Here's the pit shot:
Yes, I shaved, just for you.
The side shot--I'm wearing booty pants today. This project is just full of BUTT, isn't it?
Horrors beyond horrors.
This thing is now about 4 inches larger in the bust than I am. So what gives?
Do you ever start to embark on an adventure and that Little Voice in your head whispers "this doesn't look right?" Or like in the situation presently at hand where I kept hearing "this just doesn't look NATURAL." The first time I looked at the pattern piece below, something struck me as very odd about it.
Test time! See if it speaks to you, too!
Here's what it looks like folded in half down the center front. The top portion is the front facing. You fold it in down in half so the armholes meet.

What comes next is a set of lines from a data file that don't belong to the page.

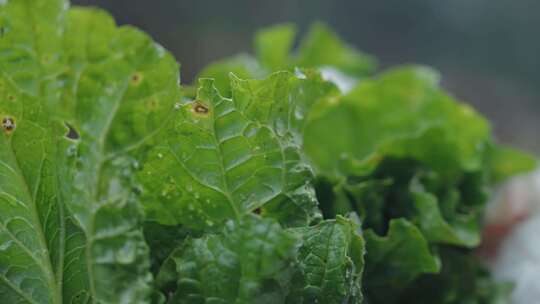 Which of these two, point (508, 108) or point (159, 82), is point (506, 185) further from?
point (508, 108)

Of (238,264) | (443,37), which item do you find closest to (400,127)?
(238,264)

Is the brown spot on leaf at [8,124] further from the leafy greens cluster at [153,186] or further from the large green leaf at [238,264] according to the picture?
the large green leaf at [238,264]

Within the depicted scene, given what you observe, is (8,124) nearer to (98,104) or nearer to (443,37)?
(98,104)

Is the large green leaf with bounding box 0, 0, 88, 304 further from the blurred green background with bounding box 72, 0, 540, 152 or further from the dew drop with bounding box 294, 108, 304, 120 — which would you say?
the blurred green background with bounding box 72, 0, 540, 152

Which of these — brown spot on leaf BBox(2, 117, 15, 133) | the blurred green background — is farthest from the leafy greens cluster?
the blurred green background

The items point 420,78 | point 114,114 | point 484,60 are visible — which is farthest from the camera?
point 484,60

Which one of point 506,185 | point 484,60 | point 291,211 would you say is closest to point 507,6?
point 484,60

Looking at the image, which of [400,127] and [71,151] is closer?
[71,151] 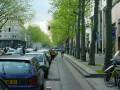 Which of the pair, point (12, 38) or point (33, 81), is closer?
point (33, 81)

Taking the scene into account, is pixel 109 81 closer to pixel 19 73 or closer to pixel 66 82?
pixel 66 82

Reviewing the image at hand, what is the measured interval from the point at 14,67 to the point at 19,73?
0.29m

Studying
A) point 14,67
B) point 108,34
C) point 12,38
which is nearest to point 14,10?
point 108,34

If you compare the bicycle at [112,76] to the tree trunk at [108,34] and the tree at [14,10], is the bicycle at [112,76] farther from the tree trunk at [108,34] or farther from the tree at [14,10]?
the tree at [14,10]

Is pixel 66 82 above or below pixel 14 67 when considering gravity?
below

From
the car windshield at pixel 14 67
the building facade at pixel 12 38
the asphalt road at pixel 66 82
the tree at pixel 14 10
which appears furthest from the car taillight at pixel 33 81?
the building facade at pixel 12 38

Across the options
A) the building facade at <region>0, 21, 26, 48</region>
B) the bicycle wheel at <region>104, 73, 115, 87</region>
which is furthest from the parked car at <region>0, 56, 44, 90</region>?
the building facade at <region>0, 21, 26, 48</region>

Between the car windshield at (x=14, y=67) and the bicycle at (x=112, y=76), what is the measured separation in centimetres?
543

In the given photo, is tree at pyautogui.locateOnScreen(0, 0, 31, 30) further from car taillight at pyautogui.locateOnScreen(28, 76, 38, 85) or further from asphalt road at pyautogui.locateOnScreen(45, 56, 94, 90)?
car taillight at pyautogui.locateOnScreen(28, 76, 38, 85)

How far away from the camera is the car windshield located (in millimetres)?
12852

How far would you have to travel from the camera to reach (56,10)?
6562 cm

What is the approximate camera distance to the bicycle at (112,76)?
17855 millimetres

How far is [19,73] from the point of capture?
12.8 meters

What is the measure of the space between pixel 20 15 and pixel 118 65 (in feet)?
170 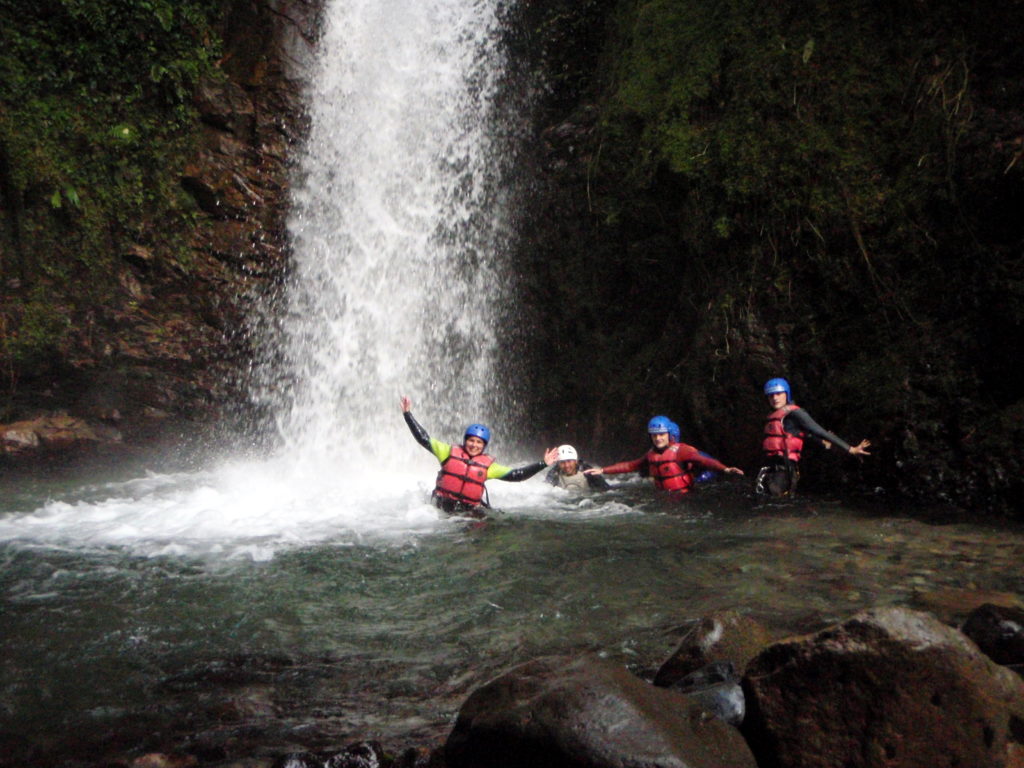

Another hint: This is cut on the true bias, remember, class?
In the next photo I have folded down the front facing and sort of draped the neckline down into a cowl shape:
I knew, just KNEW, that that bias armhole wasn't going to wear or hang correctly. So why oh why oh why did I make TWO of these things??????
The armhole as presented on this pattern are almost circular. In order to form the shoulder, the bias armhole is contorted. And it really doesn't want to be contorted. I have known for eons that the fit/grain/cut on the shoulder determines the total success/failure of a garment.
Lucky for me, three Well-Known Experts in the field just happened to drop by for a glass of cold sweet tea--here's M. Rohr (all he could do was demonstrate an inset cowl neckline, so no hope there) and Jack Handford, who isn't really into pattern design, but sweet tea is sweet tea.....
But my Very Best Friend, Helen Armstrong, came to the tea party, too:
And right there, on page 219, I found this:
Even though this is diagramed to demonstrate a bias back neck cowl instead of a front neck cowl--look at the armholes, people!
Lesson learned. Listen to the Little Voices. Put down the scissors and THINK.
Some Very Good News
I've had my mind read. Yep. By someone 12,000 miles away. I've been thinking about doing this very thing and I opened up the new Australian Smocking and Embroidery issue and there it was! I should trust my instincts more. Someone else did, and I have fallen in love with it. Can you believe I was also thinking of doing this in Hersheys Dark Chocolate, too???
Although I must admit that I was thinking of a fitted yoke with a zipper. They went for elastic in the waist instead. Gorgeous.
And there's also this, which has a very unique smocking pattern--it has zigs, but no zags:
I've also spent time with the new Sew Beautiful issue but am not really impressed. But this one does make me yearn for a teeny little fall breeze:
Beautiful smocking pattern.
Final Thoughts (subtitled Gee, I Thought She'd Never Shut Up)
If you need to grade patterns, buy the Handford book.
If you want to do some truly fancy design elements, buy the Rohr book.
If you want to do fancy design but need a little more direction or hand-holding or whatever, buy the Armstrong book. She has over 20 pages of just COWLS!